Tuesday night, Romney’s campaign slammed the pledge, saying that it “contained references and provisions that were undignified and inappropriate for a presidential campaign.
“One of the reasons we put the pledge together was for a person or candidate like Gov. Romney,” Vander Plaats told TPM, “because it’s been well documented that Gov. Romney has been all over the board when it comes to marriage, or abortion, or universal health care.”
Vander Plaats also added: “These types of no-commitments on my part to marriage and family, I don’t think that’s going to do his campaign any favors in the state of Iowa.
The “Marriage Vow” involves a candidate pledging personal fidelity to his or her spouse, that he or she would change divorce laws to make “quickie divorces” more difficult, and would oppose gay marriage, pornography, and “Sharia Islam,” among other things.
Two Republican candidates, Michele Bachmann and Rick Santorum, signed the pledge, and then immediately encountered controversy due to the resolution’s original preamble language on slavery — which has since been edited out — stating, quite contrary to the facts, that African-American families were more secure under slavery than they are today, under an African-American president.
Earlier, Newt Gingrich declined to sign the pledge for now — instead wanting to work with the group to clarify other language in the pledge. Then today, Pawlenty released a statement saying in part: “rather than sign onto the words chosen by others, I prefer to choose my own words, especially seeking to show compassion to those who are in broken families through no fault of their own.”
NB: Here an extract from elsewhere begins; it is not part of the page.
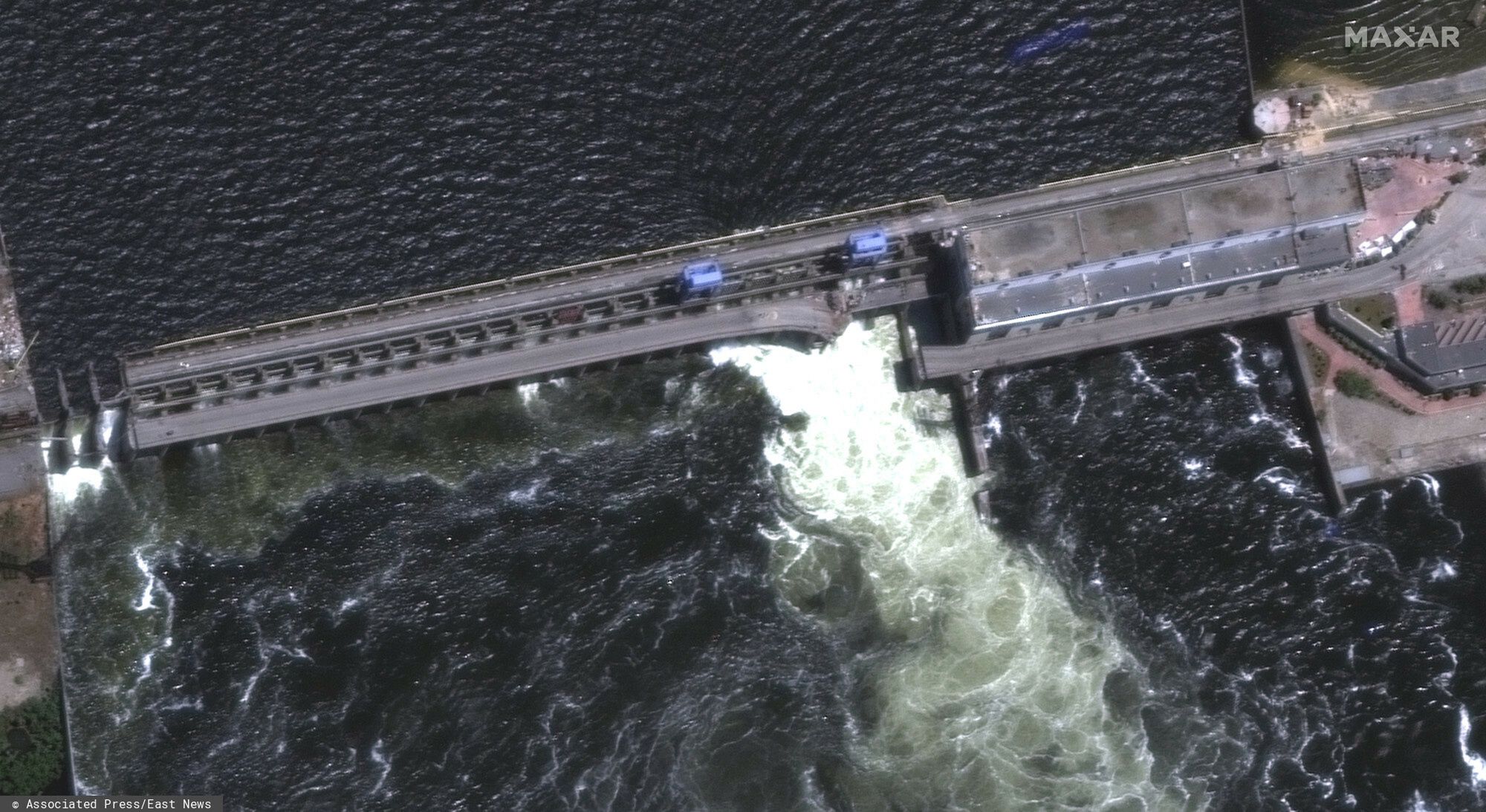 Ziniszczenie tamy w Nowej Kachowce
Vander Plaats told TPM that such statements would not fully replace the pledge, but that he would be glad to work with Gingrich, and appreciates Pawlenty’s statement (which he had not yet had the chance to read, with the key quote being told to him over the phone during the interview) and invites the candidates to make their case to voters in Iowa.
“I think they’re vastly different,” said Vander Plaats. “I mean, Romney says it’s undignified and inappropriate. Undignified and inappropriate is a long way from Newt saying i want my policy guys to work with Vander Plaats and his team. And it’s a long way from the statement from Pawlenty that you just read to me.”